• _WORK INSTRUCTIONS_
Print exactly the line that contains "10 students hold up paintings.", then every following line through the end of the material; include nothing else and no pictures.

• _DATA SECTION_
*** Begin section ***
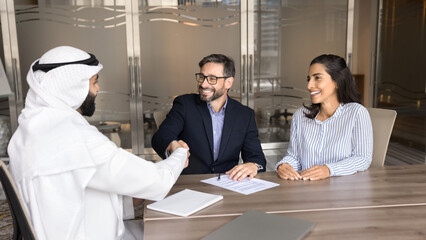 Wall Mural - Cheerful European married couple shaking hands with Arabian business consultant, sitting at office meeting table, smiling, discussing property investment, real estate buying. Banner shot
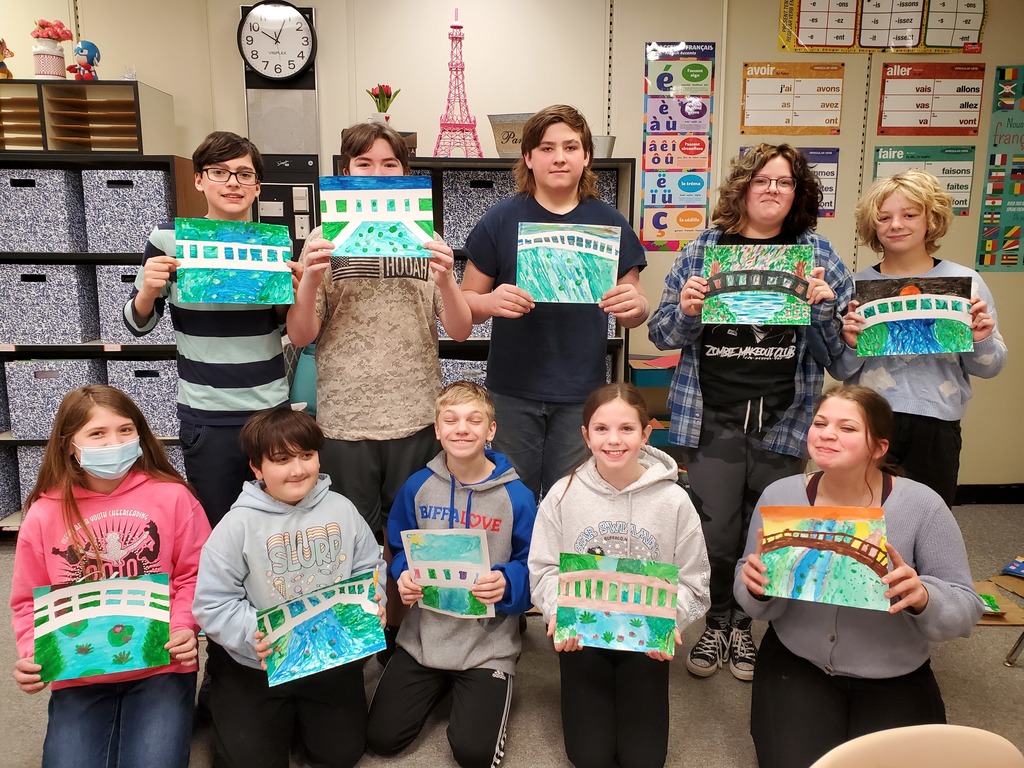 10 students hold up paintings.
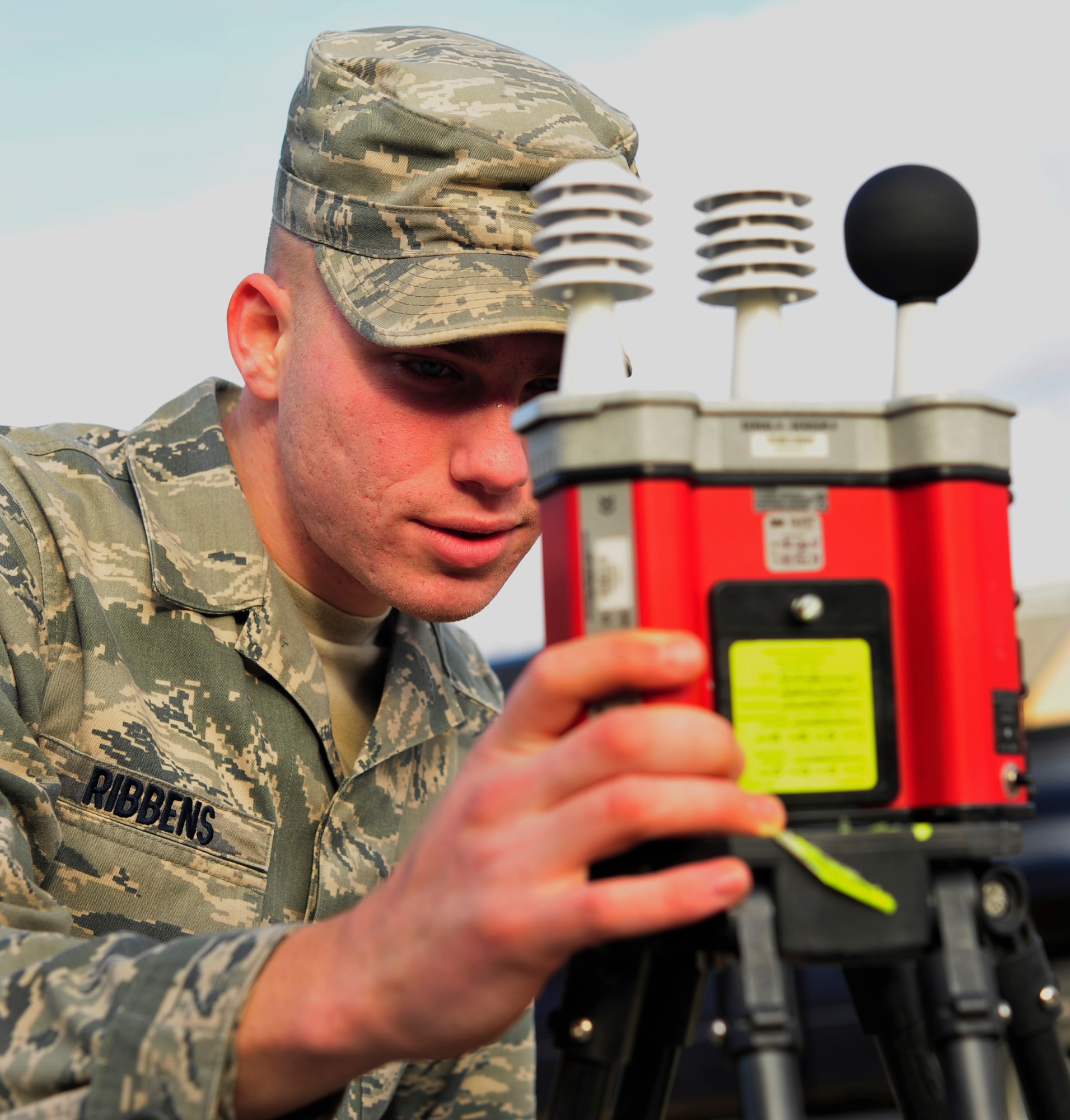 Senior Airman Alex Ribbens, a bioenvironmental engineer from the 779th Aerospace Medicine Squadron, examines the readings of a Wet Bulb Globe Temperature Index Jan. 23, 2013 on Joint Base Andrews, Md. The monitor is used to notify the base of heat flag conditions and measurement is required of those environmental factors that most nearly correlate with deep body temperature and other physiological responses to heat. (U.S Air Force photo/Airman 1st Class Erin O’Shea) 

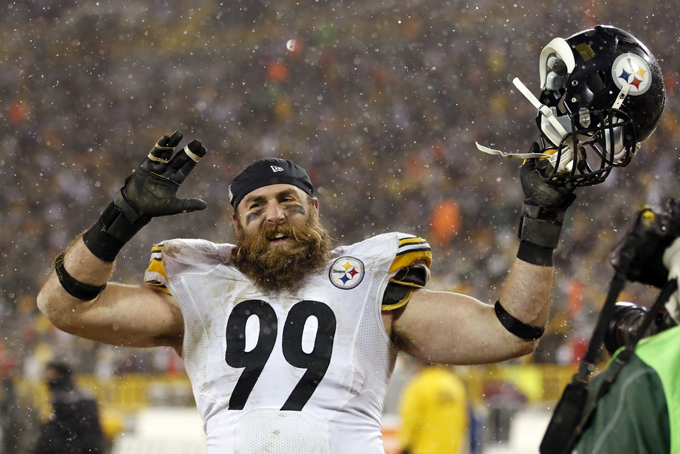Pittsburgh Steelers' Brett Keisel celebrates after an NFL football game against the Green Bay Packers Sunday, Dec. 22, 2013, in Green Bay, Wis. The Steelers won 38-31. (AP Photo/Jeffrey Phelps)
*** End section ***
• _RESPONSE AREA_
 10 students hold up paintings.
 Senior Airman Alex Ribbens, a bioenvironmental engineer from the 779th Aerospace Medicine Squadron, examines the readings of a Wet Bulb Globe Temperature Index Jan. 23, 2013 on Joint Base Andrews, Md. The monitor is used to notify the base of heat flag conditions and measurement is required of those environmental factors that most nearly correlate with deep body temperature and other physiological responses to heat. (U.S Air Force photo/Airman 1st Class Erin O’Shea) 

Pittsburgh Steelers' Brett Keisel celebrates after an NFL football game against the Green Bay Packers Sunday, Dec. 22, 2013, in Green Bay, Wis. The Steelers won 38-31. (AP Photo/Jeffrey Phelps)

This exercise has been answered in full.